**Exercise prompt**
Copy out all of the data that follows, exactly as it appears.

**Recorded information**
►

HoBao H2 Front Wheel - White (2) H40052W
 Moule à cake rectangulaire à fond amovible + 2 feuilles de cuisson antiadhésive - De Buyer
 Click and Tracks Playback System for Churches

◄

**Response to the task**
HoBao H2 Front Wheel - White (2) H40052W
 Moule à cake rectangulaire à fond amovible + 2 feuilles de cuisson antiadhésive - De Buyer
 Click and Tracks Playback System for Churches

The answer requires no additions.